Per arrivare a queste conclusioni è necessaria una falsificazione del nostro apparato cognitivo (non riconoscere i fatti che si conoscono), emozionale (non provare sentimenti di fronte a fatti che li sollecitano), morale (non riconoscere nei fatti alcuna valenza di ingiustizia o di responsabilità), e di azione (non agire in risposta a quanto consociamo). Se abbandoniamo il grande scenario della storia, per entrare nella sfera più ristretta della nostra vita privata, il diniego dilaga in tutte le sue forme in maniera insospettata. I membri della famiglia hanno una capacità sorprendente di ignorare o fingere di ignorare che cosa accade davanti ai loro occhi, sia esso abuso sessuale, violenza, alcolismo, follia o semplice infelicità. Esiste un livello sotterraneo dove tutti sanno quello che sta succedendo, ma in superficie si mantiene un atteggiamento di assoluta normalità, quasi una regola di gruppo che impegna tutti a negare ciò che esiste e si vede. Qui il diniego è il primo adattamento della famiglia alla devastazione causata da un membro, sia esso alcolista, o drogato, o pedofilo, o violento, o folle, o dedito a traffici illeciti. La sua presenza deve essere negata, ignorata, sfuggita o spiegata come qualcos’altro, altrimenti si rischia di tradire la famiglia. Qui scatta quella che potremmo definire la morale della vicinanza che è quanto di più pernicioso ci sia per la coscienza privata e, a maggior ragione, per quella pubblica.

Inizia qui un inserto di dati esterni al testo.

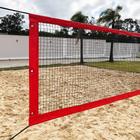 Rede Multiuso Zaka Volei Beach Futevolei sem banda lateral Vermelha 9,60m x 1m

Infatti, la morale della vicinanza, che abbiamo ereditato dall’età premoderna, dove non c’erano i mezzi di informazione e dove la società era circoscritta a piccole comunità o a piccoli gruppi, tendeva difendere il gruppo familiare o comunitario e a ignorare tutto il resto. Oggi che i mezzi di informazione ci fanno conoscere quanto accade in tutto il mondo, il persistere nella morale della vicinanza non ci consente di vivere all’altezza del nostro tempo, se non a colpi di diniego, che può assumere la forma dell’indifferenza per tutte le disgrazie che accadono lontano da noi, o la forma dell’insensibilità dovuta al fatto che fondamentalmente i miei bambini non muoiono e non moriranno di fame, e che io non sono stato né sarò cacciato di casa mia dopo aver visto mia moglie uccisa a colpi di machete. Questa consapevolezza dettata dalla morale della vicinanza finisce col sostituire alla responsabilità, alla sensibilità morale, alla compassione, al senso civico, al coraggio, all’altruismo, al sentimento della comunità, l’indifferenza, l’ottundimento emotivo, la desensibilizzazione, la freddezza, l’alienazione, l’apatia, l’anomia e alla fine la solitudine di tutti nella vita della città. Contro il diniego non dobbiamo invocare la verità che talvolta nemmeno a noi stessi possiamo ammettere, ma quel principio che la rivoluzione francese ha messo in circolazione, e che è stato finora del tutto ignorato: non l’uguaglianza, non la libertà che nel novecento hanno contrapposto la visione comunista e capitalista del mondo, ma la fraternità. L’abbondanza di informazione che è il tratto tipico del nostro tempo ci rende infatti responsabili di ciò che sappiamo e, se non diventiamo sensibili alla fraternità, di fronte a quel che sappiamo diventiamo irrimediabilmente immorali, a colpi di diniego (U. Galimberti, I vizi capitali e i nuovi vizi, Feltrinelli, Milano 2003, pp.107, 111-114).